● **Dataset extract**
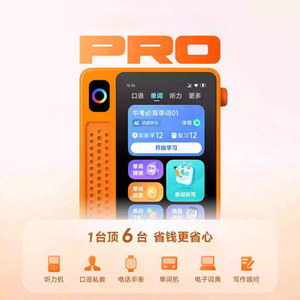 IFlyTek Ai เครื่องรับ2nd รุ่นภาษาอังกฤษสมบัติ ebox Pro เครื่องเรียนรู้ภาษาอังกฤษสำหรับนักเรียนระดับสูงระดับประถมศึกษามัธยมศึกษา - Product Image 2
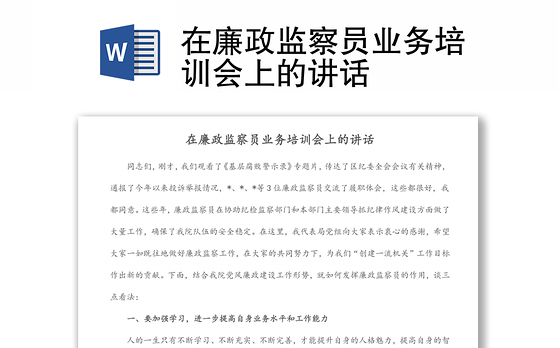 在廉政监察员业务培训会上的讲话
...
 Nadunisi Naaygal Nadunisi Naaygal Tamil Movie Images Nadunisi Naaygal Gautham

● **Task to complete**
Set down exactly the lines above, from the line containing "IFlyTek Ai เครื่องรับ2nd" through the line containing "在廉政监察员业务培训会上的讲话". Skip the pictures.

● **Solution for this task**
 IFlyTek Ai เครื่องรับ2nd รุ่นภาษาอังกฤษสมบัติ ebox Pro เครื่องเรียนรู้ภาษาอังกฤษสำหรับนักเรียนระดับสูงระดับประถมศึกษามัธยมศึกษา - Product Image 2
 在廉政监察员业务培训会上的讲话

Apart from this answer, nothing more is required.